EXERCISE —
Every line from the one bearing "엔비디아 관련주 11가지 종목 추천 및 엔비디아 실적 소식" through the last line of the entries should be printed exactly, with no other output.

[Collected data entries]
== == ==
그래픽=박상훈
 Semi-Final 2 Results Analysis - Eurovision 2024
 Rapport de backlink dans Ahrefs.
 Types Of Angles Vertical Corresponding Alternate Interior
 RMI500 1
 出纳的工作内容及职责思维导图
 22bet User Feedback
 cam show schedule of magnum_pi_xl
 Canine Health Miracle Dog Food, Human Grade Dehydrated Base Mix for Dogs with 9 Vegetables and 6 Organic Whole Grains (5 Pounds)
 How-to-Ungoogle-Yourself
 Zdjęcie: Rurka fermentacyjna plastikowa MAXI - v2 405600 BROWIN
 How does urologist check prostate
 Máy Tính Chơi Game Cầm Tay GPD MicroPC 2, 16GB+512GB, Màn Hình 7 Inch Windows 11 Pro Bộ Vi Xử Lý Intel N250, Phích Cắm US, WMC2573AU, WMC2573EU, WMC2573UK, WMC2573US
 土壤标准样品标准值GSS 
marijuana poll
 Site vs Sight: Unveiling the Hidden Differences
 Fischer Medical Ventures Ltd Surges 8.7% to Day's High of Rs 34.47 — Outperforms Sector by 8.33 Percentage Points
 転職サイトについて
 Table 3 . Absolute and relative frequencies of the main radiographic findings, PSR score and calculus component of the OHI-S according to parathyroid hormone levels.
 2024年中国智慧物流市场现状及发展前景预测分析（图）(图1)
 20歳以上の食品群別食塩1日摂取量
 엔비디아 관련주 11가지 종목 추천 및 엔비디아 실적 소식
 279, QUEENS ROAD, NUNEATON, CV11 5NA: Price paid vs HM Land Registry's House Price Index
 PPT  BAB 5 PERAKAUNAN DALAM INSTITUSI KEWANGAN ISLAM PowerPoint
== == ==
EXPECTED ANSWER —
 엔비디아 관련주 11가지 종목 추천 및 엔비디아 실적 소식
 279, QUEENS ROAD, NUNEATON, CV11 5NA: Price paid vs HM Land Registry's House Price Index
 PPT  BAB 5 PERAKAUNAN DALAM INSTITUSI KEWANGAN ISLAM PowerPoint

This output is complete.